#### The problem
Return every line in the entries below where the word "фото" shows up.

***** Supplied entries

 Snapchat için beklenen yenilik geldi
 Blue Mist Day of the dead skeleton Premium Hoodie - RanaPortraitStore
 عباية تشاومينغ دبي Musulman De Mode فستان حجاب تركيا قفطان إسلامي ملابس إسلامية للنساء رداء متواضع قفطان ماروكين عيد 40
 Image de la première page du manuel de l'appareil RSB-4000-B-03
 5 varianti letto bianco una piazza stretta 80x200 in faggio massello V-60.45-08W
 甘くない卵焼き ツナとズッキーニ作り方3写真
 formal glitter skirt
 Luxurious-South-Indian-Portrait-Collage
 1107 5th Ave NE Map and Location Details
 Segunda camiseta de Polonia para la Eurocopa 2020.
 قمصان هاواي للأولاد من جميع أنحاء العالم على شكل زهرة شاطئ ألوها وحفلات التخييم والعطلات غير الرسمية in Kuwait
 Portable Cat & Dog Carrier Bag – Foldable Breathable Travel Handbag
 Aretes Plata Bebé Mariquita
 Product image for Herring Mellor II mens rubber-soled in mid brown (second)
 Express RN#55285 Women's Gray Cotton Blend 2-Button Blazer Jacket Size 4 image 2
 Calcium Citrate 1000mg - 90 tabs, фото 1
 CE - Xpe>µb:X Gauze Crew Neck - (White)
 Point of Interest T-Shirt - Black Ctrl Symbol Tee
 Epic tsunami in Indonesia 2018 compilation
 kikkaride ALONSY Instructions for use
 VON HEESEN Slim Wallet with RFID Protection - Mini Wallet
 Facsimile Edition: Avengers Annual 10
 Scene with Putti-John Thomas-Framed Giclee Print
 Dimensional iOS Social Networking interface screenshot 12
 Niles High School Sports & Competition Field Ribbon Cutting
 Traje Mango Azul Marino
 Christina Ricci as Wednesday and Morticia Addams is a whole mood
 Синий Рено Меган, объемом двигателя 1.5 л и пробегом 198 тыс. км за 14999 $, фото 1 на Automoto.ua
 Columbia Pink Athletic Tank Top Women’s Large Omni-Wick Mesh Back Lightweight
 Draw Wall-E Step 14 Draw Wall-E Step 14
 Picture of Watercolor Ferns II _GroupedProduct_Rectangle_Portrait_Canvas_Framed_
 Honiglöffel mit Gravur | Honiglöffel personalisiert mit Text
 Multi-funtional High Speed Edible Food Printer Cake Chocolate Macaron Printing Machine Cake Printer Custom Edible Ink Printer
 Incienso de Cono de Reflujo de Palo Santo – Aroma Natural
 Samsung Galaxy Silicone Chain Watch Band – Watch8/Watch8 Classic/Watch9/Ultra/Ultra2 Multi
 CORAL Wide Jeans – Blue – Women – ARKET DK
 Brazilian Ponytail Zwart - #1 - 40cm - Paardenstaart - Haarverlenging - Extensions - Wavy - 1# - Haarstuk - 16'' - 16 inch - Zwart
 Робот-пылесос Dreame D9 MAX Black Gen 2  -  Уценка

**********

#### Task output
 Calcium Citrate 1000mg - 90 tabs, фото 1
 Синий Рено Меган, объемом двигателя 1.5 л и пробегом 198 тыс. км за 14999 $, фото 1 на Automoto.ua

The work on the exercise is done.